So I started several months ago a part time internship within the Library and Information Services group at the University of Edinburgh but now I am in my final week and I feel I should write up the fantastic experience I have had working on this project. Others might just find it interesting to read but I also want to make it easier for anyone else looking to do something similar.

So my initial challenge given was to create a website to gamify the transcription and translation of the University Collections.

To give context – the University of Edinburgh was founded a long time ago and has been building up an incredible collection of collections of literally all sorts of things. Way too many things for us to have any real idea of what so much of it actually is. Of course in this lovely digital age we have lots of awesome tools to help us catalogue and slowly this massive load of documents is being digitised and made available online.

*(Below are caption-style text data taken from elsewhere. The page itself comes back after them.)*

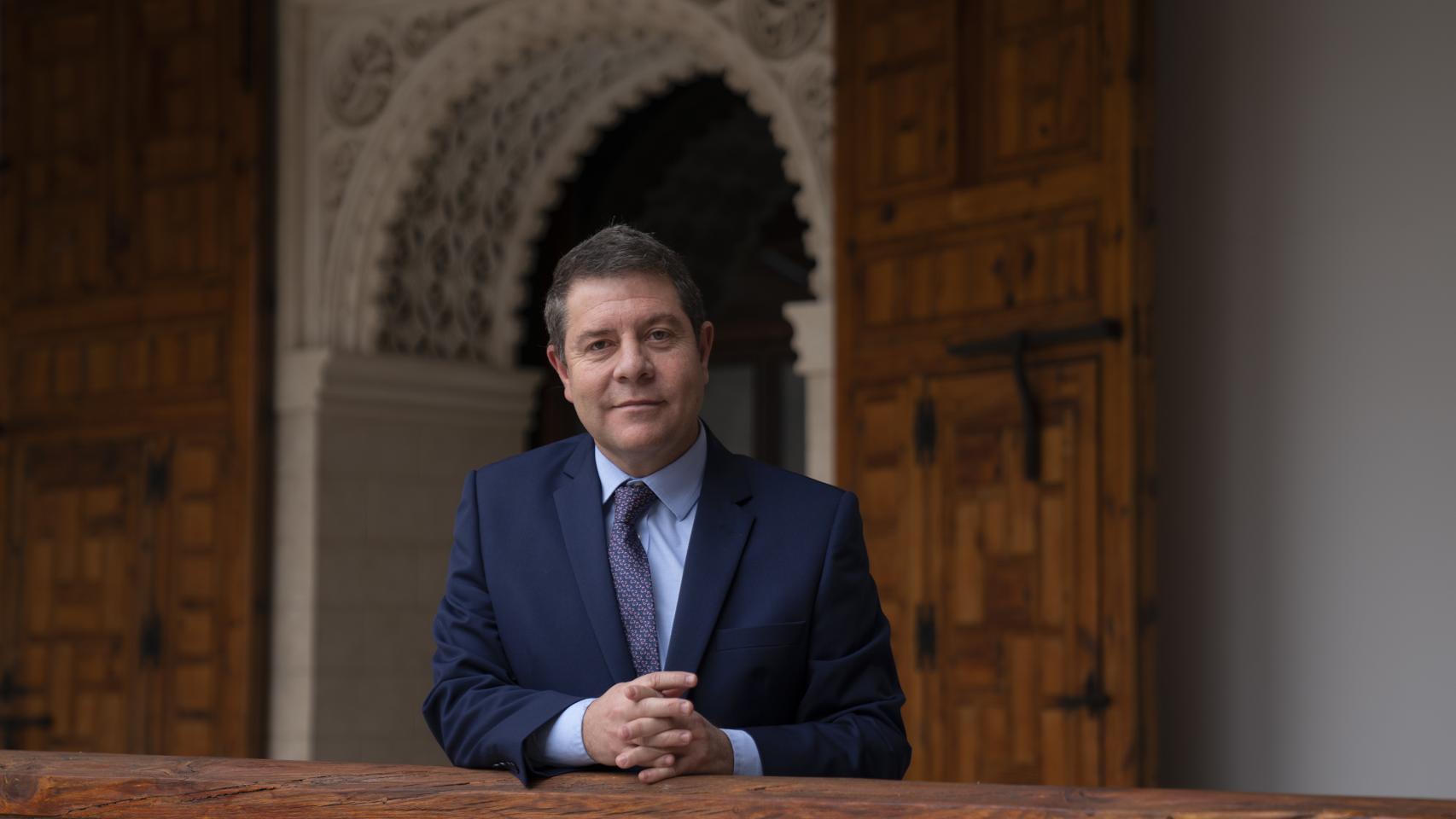 Emiliano García-Page, esta semana en el Palacio de Fuensalida (Toledo), sede de la presidencia regional.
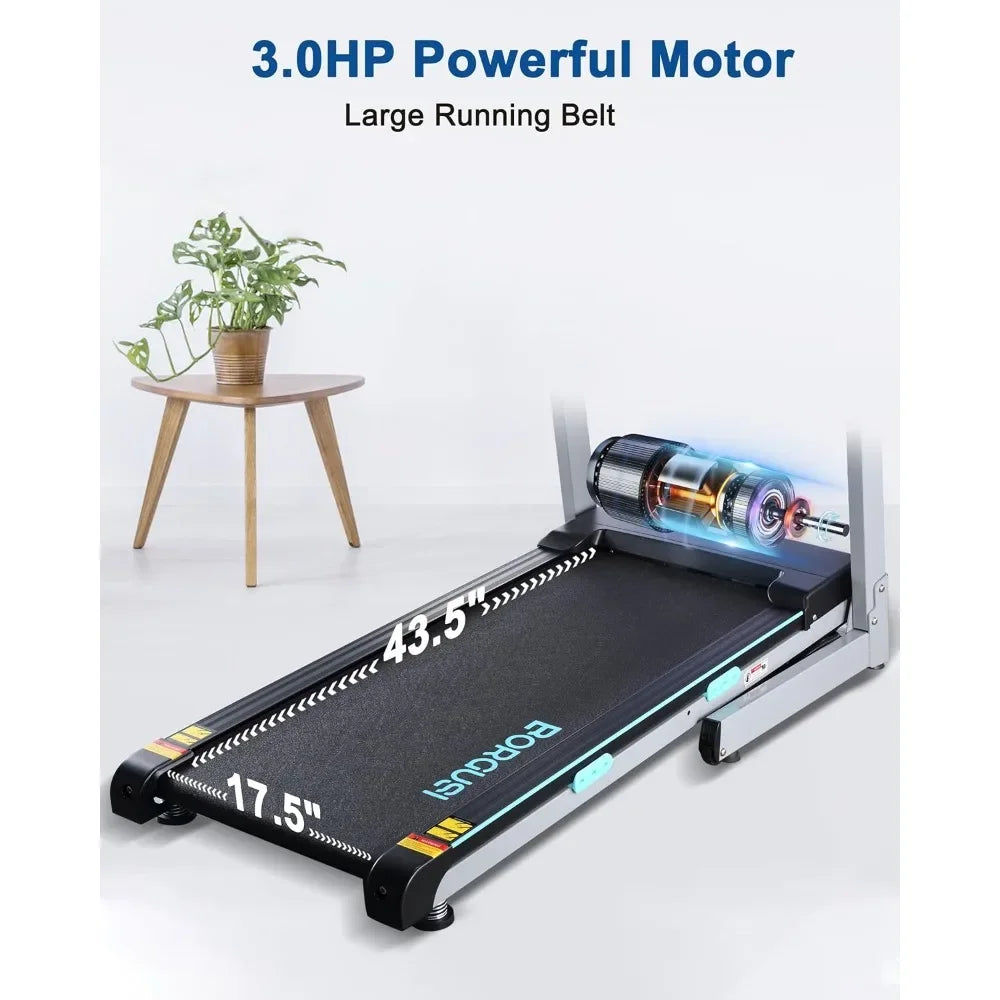 ZUIYU Treadmill Auto Incline Eight Point Five MPH Folding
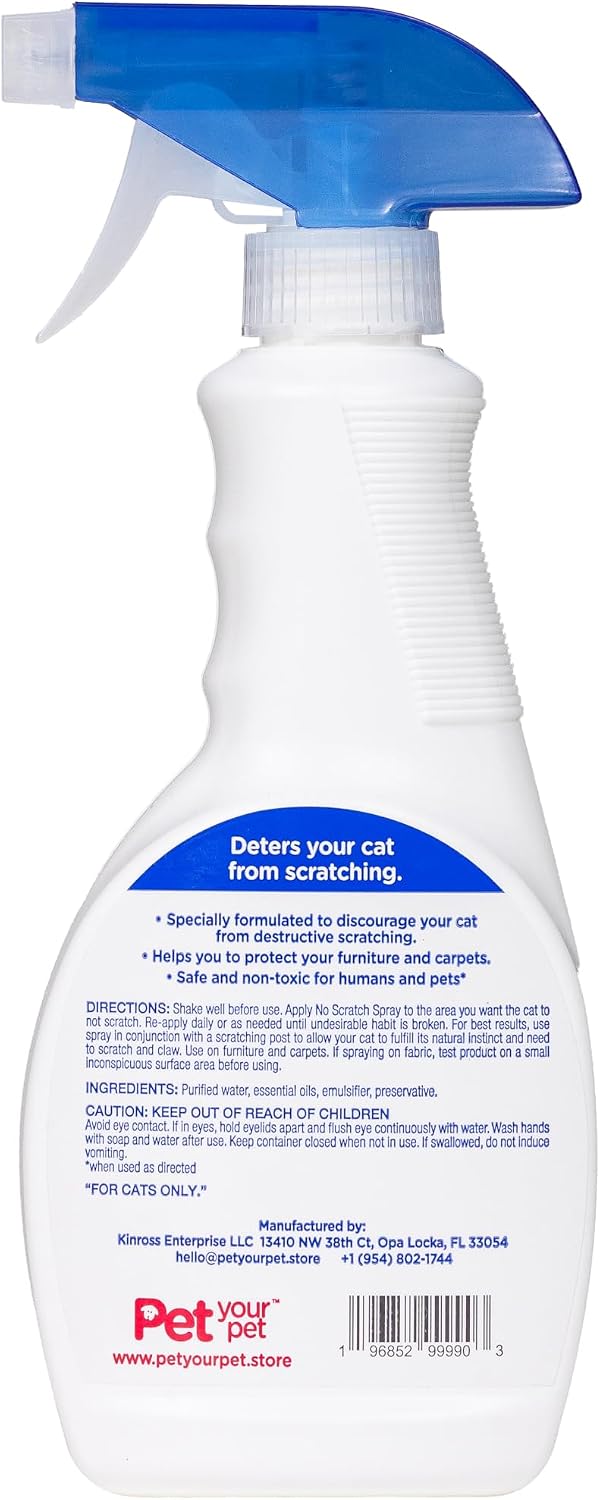 No Scratch Cat Deterrent Spray, 16 Fl Oz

However, the scale of the collections mean it is simply not feasible to pay staff to write up the transcriptions, the digital text version of the written contents on the pages. When our wonderful staff are digitising documents they add the metadata that they can – often the documents being processed are those being requested by academic staff and so information can be provided by them.

This system still leaves problems though – it would be ideal if the academic staff could search through the collections digitally first rather than manually through the papers and then request digitisation. Additionally it would be easier for those researching subjects elsewhere in the world to find the relevant documents if the metadata was complete.

So a little while back people experimented at Edinburgh and made the Library Labs Metadata Tags game in which you could just add tags to the images being presented in the game and this would be used to add data to the collections. Investigations were being done into developing something similar to provide the larger metadata of the document’s transcriptions. And the translations came along after as of course it is even harder for the collections staff to make documents accessible where they really don’t have any clue as to what they say.

Initial experiments were done with looking into Zooniverse and a couple of others as options but it had quickly become apparent that it was a slightly different sort of challenge to crowd source because of the variations in page format, language, interpretations of reading and also for translating. So, this is where I was brought in and hired to try and develop a website for the task. Well at the time of writing this I am still doing last minute scrabbling to get everything actually up and working before it all goes up online but I absolutely promise to update this page with the links when it is all up!

For now though I am going to write up all the things that have been done and lessons learned across the project in a series of posts and leave the initial Github repo link at the bottom. Enjoy!

The main Github Repo (for now) – https://github.com/BluePigeons/Polyglot








2 thoughts on “PolyAnno – Adventures in Annotation

  1. Great work on this. Did you ever consider putting your annotations triples in a dedicated triple store like Sesame? We are currently using Mirador and simple annotation server to do something similar, but Im a big fan of Leaflet.


    1. I’ve never encountered Sesame before but equally PolyAnno was using JSON-LD as opposed to conventional triples because of the flexibility and ease of use of the JSON format. So we were simply using MongoDB for storage.